What the task asks
Compute how many lines in the data below contain "Book"; answer only with that number.

Excerpted records

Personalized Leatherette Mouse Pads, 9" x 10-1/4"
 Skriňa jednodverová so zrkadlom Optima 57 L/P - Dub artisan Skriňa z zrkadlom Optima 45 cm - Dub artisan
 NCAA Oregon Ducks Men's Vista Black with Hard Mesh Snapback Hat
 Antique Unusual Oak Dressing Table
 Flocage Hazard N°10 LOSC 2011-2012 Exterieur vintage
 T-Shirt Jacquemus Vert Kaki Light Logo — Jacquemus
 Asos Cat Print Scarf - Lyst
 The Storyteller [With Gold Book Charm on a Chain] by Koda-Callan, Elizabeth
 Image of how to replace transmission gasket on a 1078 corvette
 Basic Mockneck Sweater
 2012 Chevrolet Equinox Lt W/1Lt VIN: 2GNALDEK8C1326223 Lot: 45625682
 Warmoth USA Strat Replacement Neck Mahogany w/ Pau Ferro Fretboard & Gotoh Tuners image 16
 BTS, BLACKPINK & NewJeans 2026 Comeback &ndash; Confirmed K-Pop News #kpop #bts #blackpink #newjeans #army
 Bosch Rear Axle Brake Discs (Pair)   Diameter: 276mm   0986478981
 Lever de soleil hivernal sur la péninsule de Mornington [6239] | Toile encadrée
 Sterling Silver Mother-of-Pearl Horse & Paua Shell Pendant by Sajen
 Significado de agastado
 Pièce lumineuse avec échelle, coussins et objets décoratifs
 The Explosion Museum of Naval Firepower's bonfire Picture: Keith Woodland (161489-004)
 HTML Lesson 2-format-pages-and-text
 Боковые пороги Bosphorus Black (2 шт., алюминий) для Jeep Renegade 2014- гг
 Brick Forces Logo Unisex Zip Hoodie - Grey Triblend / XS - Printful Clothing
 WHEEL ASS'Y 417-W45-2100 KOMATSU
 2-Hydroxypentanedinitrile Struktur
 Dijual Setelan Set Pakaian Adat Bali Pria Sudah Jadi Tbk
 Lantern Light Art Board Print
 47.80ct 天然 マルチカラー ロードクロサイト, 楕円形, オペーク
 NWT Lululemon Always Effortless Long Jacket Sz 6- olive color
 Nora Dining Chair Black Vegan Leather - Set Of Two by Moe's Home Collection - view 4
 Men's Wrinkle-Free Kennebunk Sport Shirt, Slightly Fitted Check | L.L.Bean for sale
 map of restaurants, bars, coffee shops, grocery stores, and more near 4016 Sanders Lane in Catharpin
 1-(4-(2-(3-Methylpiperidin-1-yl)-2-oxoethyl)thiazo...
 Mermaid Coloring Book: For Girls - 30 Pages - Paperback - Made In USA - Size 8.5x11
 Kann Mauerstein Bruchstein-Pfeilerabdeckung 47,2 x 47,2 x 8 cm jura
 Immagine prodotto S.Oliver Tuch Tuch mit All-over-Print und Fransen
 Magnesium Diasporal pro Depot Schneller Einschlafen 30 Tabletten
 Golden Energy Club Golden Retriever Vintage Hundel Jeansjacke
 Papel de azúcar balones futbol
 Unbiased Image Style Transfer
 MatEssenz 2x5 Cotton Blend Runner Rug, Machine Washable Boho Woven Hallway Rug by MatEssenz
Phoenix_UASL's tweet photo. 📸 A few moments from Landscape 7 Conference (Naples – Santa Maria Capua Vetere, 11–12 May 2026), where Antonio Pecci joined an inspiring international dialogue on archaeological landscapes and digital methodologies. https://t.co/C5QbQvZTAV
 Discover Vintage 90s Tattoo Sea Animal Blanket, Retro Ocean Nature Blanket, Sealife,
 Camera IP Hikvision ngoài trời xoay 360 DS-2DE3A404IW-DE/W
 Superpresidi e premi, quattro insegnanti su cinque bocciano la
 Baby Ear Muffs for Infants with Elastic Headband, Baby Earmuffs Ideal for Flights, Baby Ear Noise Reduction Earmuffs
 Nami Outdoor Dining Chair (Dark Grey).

Response area
2